Public Service Reform Plan 2014-2016

Foreword by Ministers

Public Service Reform has been a key element of the Government’s strategic response to the economic crisis and is a central theme in the Programme for Government. On taking office in 2011, we established a dedicated Department of Public Expenditure and Reform, integrating expenditure management and reform for the first time.
The Government’s Public Service Reform Plan of November 2011 provided the basis for the most significant programme of reform since the foundation of the State. It set out in almost 200 detailed actions how the commitments to reform, including those in the Programme for Government, would be implemented.
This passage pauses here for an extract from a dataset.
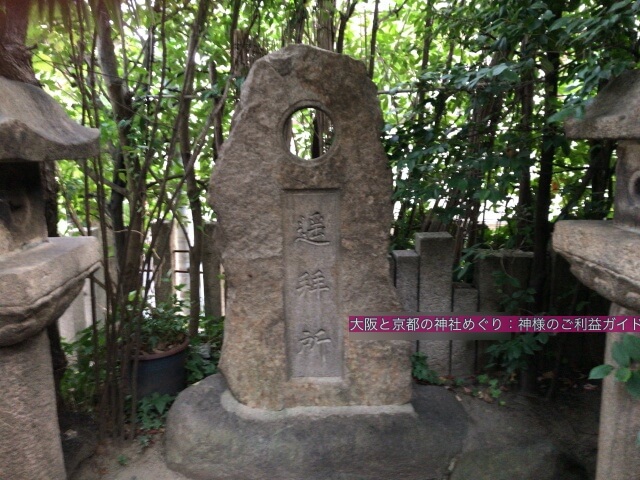 白山神社(大阪市)遥拝所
As evidenced in the second Progress Report that has been published alongside this new plan, we have made strong progress on the implementation of reform.

Ireland has a long and proud tradition of service to the public and the State and it is important to acknowledge the contribution of public servants to Ireland’s recovery in recent years. The achievements of the Public Service in terms of delivering reform, reducing costs and maintaining services against a backdrop of reduced staff numbers, yet increased demand for those services, should not be underestimated.

Two years into the implementation of the Reform Plan, it is timely to reflect on the progress made to-date and to set out our ambition for further reform of the Public Service. Given the fiscal situation, the primary focus of our first phase of reform was necessarily on cost reduction and efficiency measures. As we reach a more sustainable fiscal position, this next phase of reform has the ambitious goal of a Public Service that will have positive outcomes for all stakeholders, including citizens, businesses and public servants themselves.

In this updated Reform Plan, we set out how this will be done. Public Service Reform is complex and often presents challenges, not least as it involves around 290,000 staff in hundreds of diverse organisations working together to deliver better services. As we embark on the next phase of reform, we know that real change will not be possible without the ongoing commitment of public servants. We look forward to working with them to deliver the best possible public services for the people of this country.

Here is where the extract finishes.